> **What you are asked to do**
I need the number of lines in the following entries that hold the word "been", and no other text.

────

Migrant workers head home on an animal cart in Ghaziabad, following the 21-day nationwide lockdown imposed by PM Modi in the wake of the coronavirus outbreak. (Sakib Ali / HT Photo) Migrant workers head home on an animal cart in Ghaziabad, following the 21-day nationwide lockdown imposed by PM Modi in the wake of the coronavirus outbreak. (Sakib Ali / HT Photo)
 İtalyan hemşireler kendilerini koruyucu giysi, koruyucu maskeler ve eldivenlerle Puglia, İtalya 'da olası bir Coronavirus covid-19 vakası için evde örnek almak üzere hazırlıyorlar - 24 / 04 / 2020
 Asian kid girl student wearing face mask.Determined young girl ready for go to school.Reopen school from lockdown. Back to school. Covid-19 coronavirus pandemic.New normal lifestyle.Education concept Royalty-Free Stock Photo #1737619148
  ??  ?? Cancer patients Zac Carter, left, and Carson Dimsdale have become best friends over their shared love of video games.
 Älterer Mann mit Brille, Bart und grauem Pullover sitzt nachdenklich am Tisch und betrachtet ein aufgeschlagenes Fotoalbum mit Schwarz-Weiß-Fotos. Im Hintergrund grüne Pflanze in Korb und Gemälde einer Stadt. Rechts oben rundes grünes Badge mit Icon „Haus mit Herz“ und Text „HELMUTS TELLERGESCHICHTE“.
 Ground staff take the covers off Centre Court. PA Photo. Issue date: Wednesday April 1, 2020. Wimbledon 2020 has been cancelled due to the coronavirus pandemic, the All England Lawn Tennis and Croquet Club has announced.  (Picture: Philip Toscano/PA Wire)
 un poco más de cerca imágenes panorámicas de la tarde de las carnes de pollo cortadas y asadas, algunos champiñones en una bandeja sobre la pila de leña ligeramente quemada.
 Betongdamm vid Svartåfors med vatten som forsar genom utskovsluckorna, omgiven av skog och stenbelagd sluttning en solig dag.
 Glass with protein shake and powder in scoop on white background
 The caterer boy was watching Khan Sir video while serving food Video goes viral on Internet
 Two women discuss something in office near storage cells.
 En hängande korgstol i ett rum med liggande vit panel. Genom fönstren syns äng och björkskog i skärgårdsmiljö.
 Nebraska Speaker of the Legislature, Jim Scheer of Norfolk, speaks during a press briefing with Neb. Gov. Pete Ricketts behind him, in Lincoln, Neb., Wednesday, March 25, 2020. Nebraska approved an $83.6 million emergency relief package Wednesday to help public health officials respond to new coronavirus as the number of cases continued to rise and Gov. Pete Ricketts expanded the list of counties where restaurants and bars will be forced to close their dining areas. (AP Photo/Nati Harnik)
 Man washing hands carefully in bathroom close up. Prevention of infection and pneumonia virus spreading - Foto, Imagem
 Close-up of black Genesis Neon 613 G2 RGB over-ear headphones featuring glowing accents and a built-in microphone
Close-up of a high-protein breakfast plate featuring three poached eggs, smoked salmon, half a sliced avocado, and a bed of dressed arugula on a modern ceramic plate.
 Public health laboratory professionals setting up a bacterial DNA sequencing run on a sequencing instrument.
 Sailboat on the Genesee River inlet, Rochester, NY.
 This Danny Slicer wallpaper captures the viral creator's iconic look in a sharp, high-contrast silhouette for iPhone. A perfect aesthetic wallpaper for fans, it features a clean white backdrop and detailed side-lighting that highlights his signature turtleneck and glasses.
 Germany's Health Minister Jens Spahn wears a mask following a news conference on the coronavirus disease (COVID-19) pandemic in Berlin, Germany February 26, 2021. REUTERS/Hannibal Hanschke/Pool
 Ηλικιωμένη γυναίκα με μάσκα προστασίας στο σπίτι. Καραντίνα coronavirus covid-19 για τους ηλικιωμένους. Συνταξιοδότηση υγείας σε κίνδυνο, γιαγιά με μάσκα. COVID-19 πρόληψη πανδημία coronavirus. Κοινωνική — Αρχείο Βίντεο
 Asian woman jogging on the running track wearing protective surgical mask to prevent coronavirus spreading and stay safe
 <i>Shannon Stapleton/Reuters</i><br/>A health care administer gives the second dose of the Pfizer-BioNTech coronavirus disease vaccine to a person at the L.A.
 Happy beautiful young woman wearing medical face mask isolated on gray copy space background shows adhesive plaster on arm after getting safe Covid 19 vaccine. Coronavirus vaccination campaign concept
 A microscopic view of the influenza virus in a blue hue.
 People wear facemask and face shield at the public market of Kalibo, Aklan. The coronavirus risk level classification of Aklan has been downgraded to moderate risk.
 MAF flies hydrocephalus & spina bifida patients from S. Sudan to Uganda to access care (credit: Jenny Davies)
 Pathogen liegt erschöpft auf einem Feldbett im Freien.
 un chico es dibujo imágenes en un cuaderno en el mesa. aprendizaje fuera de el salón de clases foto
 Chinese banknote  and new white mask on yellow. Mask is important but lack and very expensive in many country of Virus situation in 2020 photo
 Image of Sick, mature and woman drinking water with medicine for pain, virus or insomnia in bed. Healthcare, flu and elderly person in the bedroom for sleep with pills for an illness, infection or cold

────

> **Response**
2